▶ WORK ITEM: Could you repeat the records below exactly, without the pictures?
BEGIN THE DATA
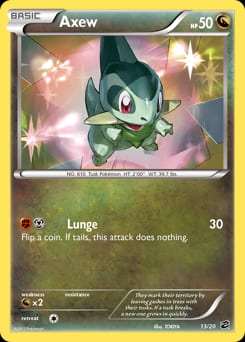 Dragon Vault Axew #13 card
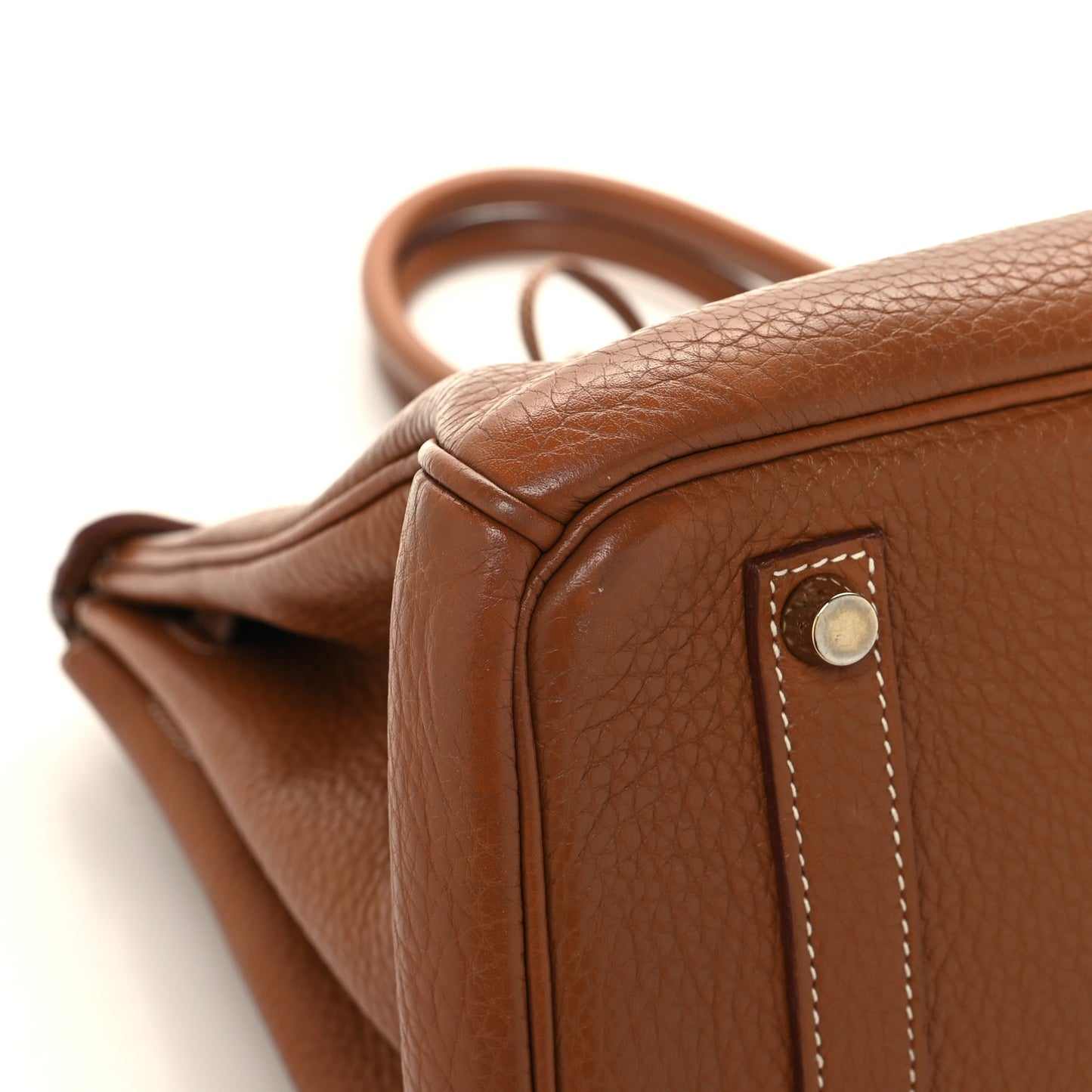 Taurillon Clemence Birkin 35 Gold
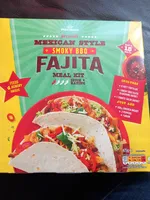 Mexican style smoky bbq fajita meal kit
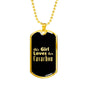Cavachon v2 - 18k Gold Finished Luxury Dog Tag Necklace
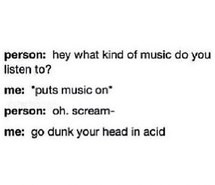 bands, funny, music, punk, quote, screamo, i will seriously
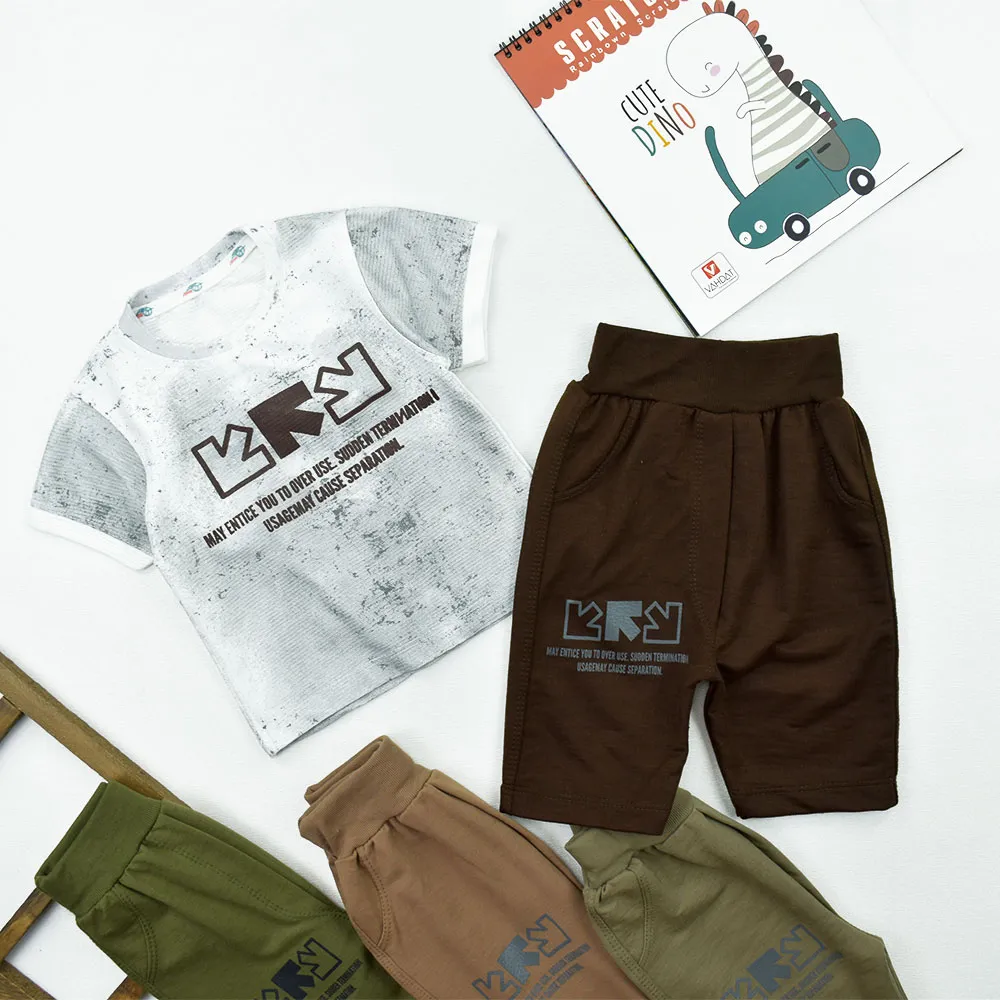 ست تیشرت و شلوارک پسرانه طرح فلش جنس اسپان مناسب بهار و تابستان
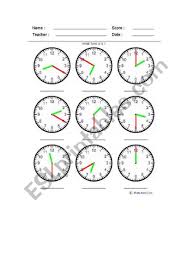 Here you will find links to a wide range of free printable worksheets. Time 2 Esl Worksheet By Raul Sando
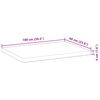 vidaXL Bordplate ubehandlet 100x60x4 cm heltre akasie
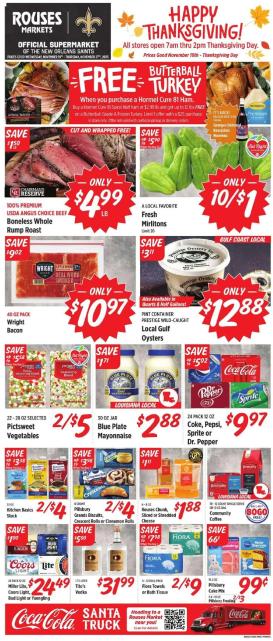 rouses - Rouses Weekly Ad - LA - 11/19 - 11/27 2025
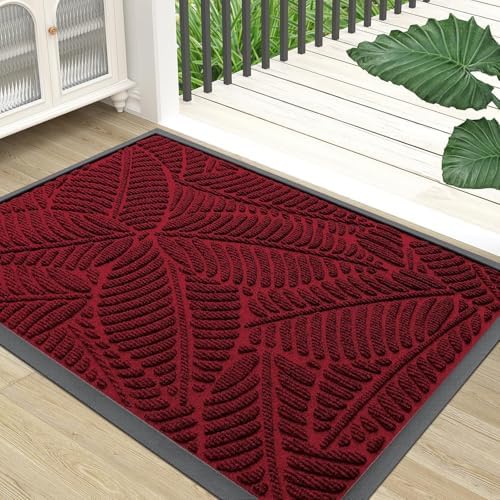 Colorxy Waterproof Front Doormat, Sturdy Natural Rubber Door Mat by Colorxy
END THE DATA
▶ EXERCISE RESULT:
 Dragon Vault Axew #13 card
 Taurillon Clemence Birkin 35 Gold
 Mexican style smoky bbq fajita meal kit
Cavachon v2 - 18k Gold Finished Luxury Dog Tag Necklace
 bands, funny, music, punk, quote, screamo, i will seriously
 ست تیشرت و شلوارک پسرانه طرح فلش جنس اسپان مناسب بهار و تابستان
 Here you will find links to a wide range of free printable worksheets. Time 2 Esl Worksheet By Raul Sando
 vidaXL Bordplate ubehandlet 100x60x4 cm heltre akasie
 rouses - Rouses Weekly Ad - LA - 11/19 - 11/27 2025
 Colorxy Waterproof Front Doormat, Sturdy Natural Rubber Door Mat by Colorxy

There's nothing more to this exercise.